INPUT DATA:

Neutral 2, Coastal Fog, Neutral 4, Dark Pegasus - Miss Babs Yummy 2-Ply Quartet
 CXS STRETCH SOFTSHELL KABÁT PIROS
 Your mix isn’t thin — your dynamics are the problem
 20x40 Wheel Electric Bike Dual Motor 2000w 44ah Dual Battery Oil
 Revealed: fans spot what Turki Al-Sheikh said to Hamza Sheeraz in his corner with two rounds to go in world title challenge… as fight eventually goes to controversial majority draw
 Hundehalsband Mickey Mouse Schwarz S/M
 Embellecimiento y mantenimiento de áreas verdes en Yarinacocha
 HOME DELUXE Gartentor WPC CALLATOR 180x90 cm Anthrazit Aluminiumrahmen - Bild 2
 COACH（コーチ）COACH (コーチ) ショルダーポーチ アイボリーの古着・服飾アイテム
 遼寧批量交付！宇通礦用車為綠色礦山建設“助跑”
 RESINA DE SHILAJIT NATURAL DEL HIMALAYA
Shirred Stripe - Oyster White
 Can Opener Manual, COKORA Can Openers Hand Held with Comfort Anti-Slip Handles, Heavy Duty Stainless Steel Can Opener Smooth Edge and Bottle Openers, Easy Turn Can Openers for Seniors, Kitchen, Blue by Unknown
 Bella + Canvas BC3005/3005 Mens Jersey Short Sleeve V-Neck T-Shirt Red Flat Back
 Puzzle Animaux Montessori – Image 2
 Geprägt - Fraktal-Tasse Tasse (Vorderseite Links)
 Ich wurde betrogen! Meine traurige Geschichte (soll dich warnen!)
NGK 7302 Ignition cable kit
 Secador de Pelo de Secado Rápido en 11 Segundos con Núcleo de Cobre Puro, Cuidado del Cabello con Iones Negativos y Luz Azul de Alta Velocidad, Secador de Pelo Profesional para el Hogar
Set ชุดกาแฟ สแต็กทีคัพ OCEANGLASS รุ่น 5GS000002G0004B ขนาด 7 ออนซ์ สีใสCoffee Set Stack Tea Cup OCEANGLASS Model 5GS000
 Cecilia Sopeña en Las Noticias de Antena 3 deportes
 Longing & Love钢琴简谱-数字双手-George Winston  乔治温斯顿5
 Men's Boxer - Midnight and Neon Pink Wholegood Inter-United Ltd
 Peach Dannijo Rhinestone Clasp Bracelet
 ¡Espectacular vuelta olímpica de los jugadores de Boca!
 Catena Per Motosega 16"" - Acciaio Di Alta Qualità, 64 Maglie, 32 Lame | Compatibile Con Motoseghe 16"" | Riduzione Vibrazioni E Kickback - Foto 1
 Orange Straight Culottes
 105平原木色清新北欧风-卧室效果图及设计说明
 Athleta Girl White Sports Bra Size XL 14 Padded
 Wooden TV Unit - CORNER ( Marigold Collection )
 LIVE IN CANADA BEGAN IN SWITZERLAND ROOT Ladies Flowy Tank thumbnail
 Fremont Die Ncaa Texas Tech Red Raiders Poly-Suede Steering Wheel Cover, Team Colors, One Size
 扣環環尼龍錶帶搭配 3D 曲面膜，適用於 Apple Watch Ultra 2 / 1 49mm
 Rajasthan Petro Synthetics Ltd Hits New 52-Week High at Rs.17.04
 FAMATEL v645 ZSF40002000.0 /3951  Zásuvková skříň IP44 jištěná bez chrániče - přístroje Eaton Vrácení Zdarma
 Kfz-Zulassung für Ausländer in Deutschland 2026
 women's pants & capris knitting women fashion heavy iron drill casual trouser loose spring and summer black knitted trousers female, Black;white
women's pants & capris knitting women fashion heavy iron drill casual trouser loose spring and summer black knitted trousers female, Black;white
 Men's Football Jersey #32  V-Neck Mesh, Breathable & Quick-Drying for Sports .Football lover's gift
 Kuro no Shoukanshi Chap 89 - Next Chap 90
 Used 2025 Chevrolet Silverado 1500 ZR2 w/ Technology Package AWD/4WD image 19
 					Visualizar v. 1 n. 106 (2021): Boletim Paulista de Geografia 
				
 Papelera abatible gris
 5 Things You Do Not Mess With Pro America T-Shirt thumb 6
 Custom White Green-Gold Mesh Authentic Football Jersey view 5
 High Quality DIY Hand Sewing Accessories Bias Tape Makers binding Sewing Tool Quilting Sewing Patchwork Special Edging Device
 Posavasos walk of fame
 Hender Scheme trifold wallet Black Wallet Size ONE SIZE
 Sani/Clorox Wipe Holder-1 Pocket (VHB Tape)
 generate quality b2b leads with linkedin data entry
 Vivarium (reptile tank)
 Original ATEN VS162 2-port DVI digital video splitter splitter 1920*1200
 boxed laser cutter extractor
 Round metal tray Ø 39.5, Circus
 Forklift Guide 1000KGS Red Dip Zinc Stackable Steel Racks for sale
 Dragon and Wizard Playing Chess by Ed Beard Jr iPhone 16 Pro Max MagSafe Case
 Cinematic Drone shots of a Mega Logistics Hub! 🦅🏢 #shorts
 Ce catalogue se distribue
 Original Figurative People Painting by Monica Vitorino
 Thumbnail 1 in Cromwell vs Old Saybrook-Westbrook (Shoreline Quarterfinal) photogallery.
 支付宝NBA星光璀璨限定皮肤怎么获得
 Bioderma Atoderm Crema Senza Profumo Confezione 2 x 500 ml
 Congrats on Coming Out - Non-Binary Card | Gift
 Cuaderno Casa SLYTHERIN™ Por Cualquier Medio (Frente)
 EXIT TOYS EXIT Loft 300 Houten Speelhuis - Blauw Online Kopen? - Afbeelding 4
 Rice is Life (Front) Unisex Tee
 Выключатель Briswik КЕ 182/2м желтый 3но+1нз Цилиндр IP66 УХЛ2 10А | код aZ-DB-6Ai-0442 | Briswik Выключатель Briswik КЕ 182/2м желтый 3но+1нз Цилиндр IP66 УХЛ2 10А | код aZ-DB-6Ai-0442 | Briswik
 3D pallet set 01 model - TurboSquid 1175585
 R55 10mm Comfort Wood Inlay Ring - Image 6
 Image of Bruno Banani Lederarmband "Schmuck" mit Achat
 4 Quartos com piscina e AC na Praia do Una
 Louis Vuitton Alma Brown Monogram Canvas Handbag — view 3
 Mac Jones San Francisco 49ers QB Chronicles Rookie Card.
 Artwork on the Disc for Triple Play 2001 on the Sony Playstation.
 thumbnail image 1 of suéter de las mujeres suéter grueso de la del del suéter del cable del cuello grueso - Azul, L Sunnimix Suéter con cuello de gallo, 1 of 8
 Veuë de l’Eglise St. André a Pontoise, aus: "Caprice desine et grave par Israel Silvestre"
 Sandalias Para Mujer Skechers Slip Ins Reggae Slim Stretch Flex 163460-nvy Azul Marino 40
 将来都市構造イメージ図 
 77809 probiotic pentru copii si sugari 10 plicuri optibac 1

EXERCISE DESCRIPTION: Scan the records above for the word "Shirt". Copy each line that has it.

RESULT:
 Bella + Canvas BC3005/3005 Mens Jersey Short Sleeve V-Neck T-Shirt Red Flat Back
 5 Things You Do Not Mess With Pro America T-Shirt thumb 6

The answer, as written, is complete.